Guillermo Juan Morado, el 3.12.14 a las 10:19 PM
El corazón designa el centro de la persona. El Catecismo de la Iglesia Católica nos recuerda que “el corazón es la sede de la personalidad moral”. No tener corazón equivale a ser insensible, a carecer de alma. Un “corazón de bronce” significa ser duro e inflexible, incapaz de apiadarse. En cambio, tener un “corazón de oro” indica benevolencia y generosidad. “Tocar el corazón” de alguien supone mover su ánimo para el bien.
El corazón, decía Romano Guardini, es “la verdadera realidad del hombre”. El hombre no es, por separado, espíritu y materia, sino que es “espíritu encarnado”; es alma y cuerpo a la vez: “Solo por el corazón vive el espíritu humanamente y vive humanamente el cuerpo del hombre. Solo por el corazón el espíritu se convierte en alma y la materia en cuerpo y solo por él existe, pues, la vida del hombre como tal con sus dichas y sus dolores, sus trabajos y sus luchas, miserable y grande al mismo tiempo”.

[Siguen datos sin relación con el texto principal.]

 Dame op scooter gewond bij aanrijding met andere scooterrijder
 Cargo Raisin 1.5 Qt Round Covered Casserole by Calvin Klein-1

El corazón es el vínculo de unidad, no solo del espíritu y de la materia, sino también del propio yo y del “otro”. El corazón crea, hace posible, la comunión.
En el corazón convergen, desde las raíces de la vida – desde Dios - , razón y conciencia, comprensión y culpa. No es extraño, pues, que la sexta bienaventuranza proclame: “Bienaventurados los limpios de corazón porque ellos verán a Dios” (Mt 5,8).
En el corazón se encuentran la caridad, la castidad y el amor de la verdad. En la pureza del corazón se unen la pureza del cuerpo y la pureza de la fe. Los limpios de corazón verán a Dios, verán según Dios, captarán en todo lo creado – también en la belleza corporal - la belleza divina.